Mon dieu! Francuzi wypuszczą na rynek 500-konne Renault 5 Turbo 3E. Wygląda odlotowo!

Zapamiętajcie tę nazwę: Renault 5 Turbo 3E. Francuzi dali zielone światło projektowi, który przenosi tę markę w rewiry zarejestrowane dla supersamochodów - a to wszystko dostaniemy w opakowaniu małego hatchbacka!

  • Renault 5 Turbo powróci w nowym elektrycznym wydaniu
  • Model o nazwie Turbo 3E bazuje na specjalnej lekkiej i wytrzymałej konstrukcji z włókna węglowego
  • Pod prawą nogą dostaniemy 500 KM

To nie jest pomyłka. Francuzi właśnie dali zielone światło projektowi, który jest idealnie szalony. Nazywa się Renault 5 Turbo 3E i ma być hołdem dla kultowego sportowego wariantu tego auta. Choć częściowo przypomina produkcyjną "piątkę", to nie ma z nią zbyt wiele wspólnego. Pojedyncze elementy nadwozia są tutaj takie same, ale całą resztę zbudowano od zera. A wszystko po to, aby zainstalować tutaj bardzo mocny napęd.

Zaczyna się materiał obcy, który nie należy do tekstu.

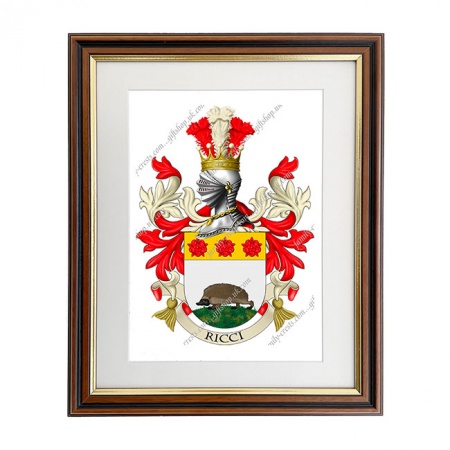 Ricci (Italy) Coat of Arms Framed Print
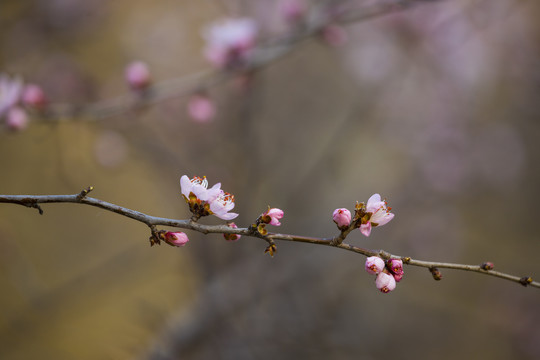 桃花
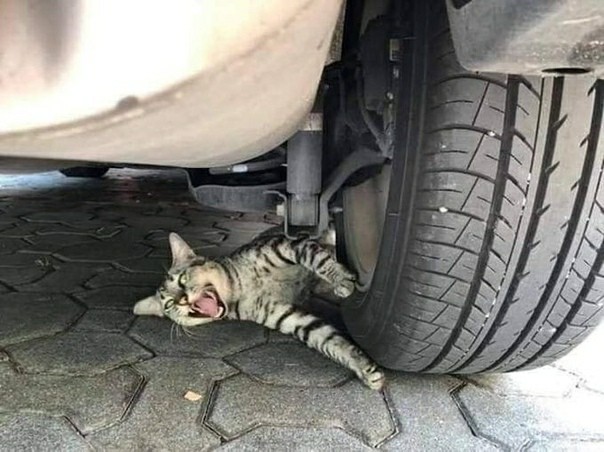  - !! , ,   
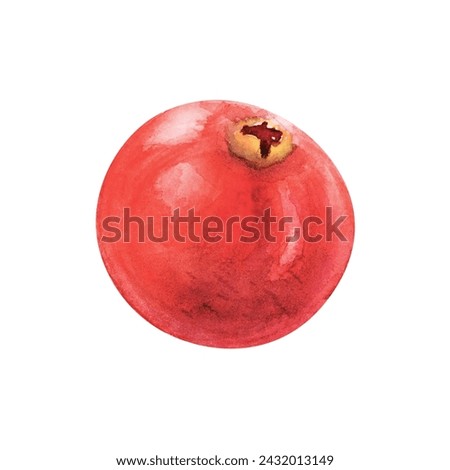 Cranberry berry pomegranate watercolor drawing. Juicy delisious fruit summer illustration. Sweet sour vitamin aquarelle picture isolated lingonberry white background. Red cowberry dessert decoration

Renault 5 Turbo 3E odda w ręce kierowcy 500 KM. To cudownie szalona maszyna!

Na platformie Prime Video pojawił się czteroodcinkowy dokument "Anatomie d’un come-back", który przedstawia historię prac nad nowym Renault 5. W ostatnim odcinku odkryto najmocniejsze karty: projekt, który pomimo stopnia skomplikowania i kosztów trafi na rynek. Jest to model 5 Turbo 3E, czyli nowa interpretacja najbardziej szalonego wcielenia "piątki".

I co jak co, ale to jest coś wspaniałego. Masywne poszerzone nadwozie przyciąga wzrok, a detale w idealny sposób nawiązują do pierwowzorów. Różnicą będzie jedynie napęd. Miejsce spalinowych silników, w "piątce" turbodoładowanych rzędowych czwórek i w Clio V6-ki, zajmie tutaj napęd elektryczny.

Renault 5 Turbo 3E 2025

I to nie byle jaki, gdyż pod prawą nogą znajdzie się aż 500 KM do wykorzystania. Auto będzie opracowaną od podstaw konstrukcją z włókna węglowego, doszlifowaną pod kątem osiągów. Idziemy więc tutaj tropem Clio V6, które z seryjnym modelem nie miało zbyt wiele wspólnego.

Przyspieszenie do setki ma zajmować 3 sekundy, a właściwości jezdne będą imponujące. Mam cichą nadzieję, że będzie mi dane choć na chwilę ich zasmakować.

W przyszłym roku poznamy więcej informacji na temat tego projektu - włącznie z liczbą zaplanowanych aut oraz ze szczegółami dotyczącymi specyfikacji. Pewne jest to, że Renault 5 Turbo 3E wyjedzie ze specjalnie przygotowanej linii produkcyjnej i będzie niemal ręczną robotą. To może być rarytas dla kolekcjonerów i fanów marki!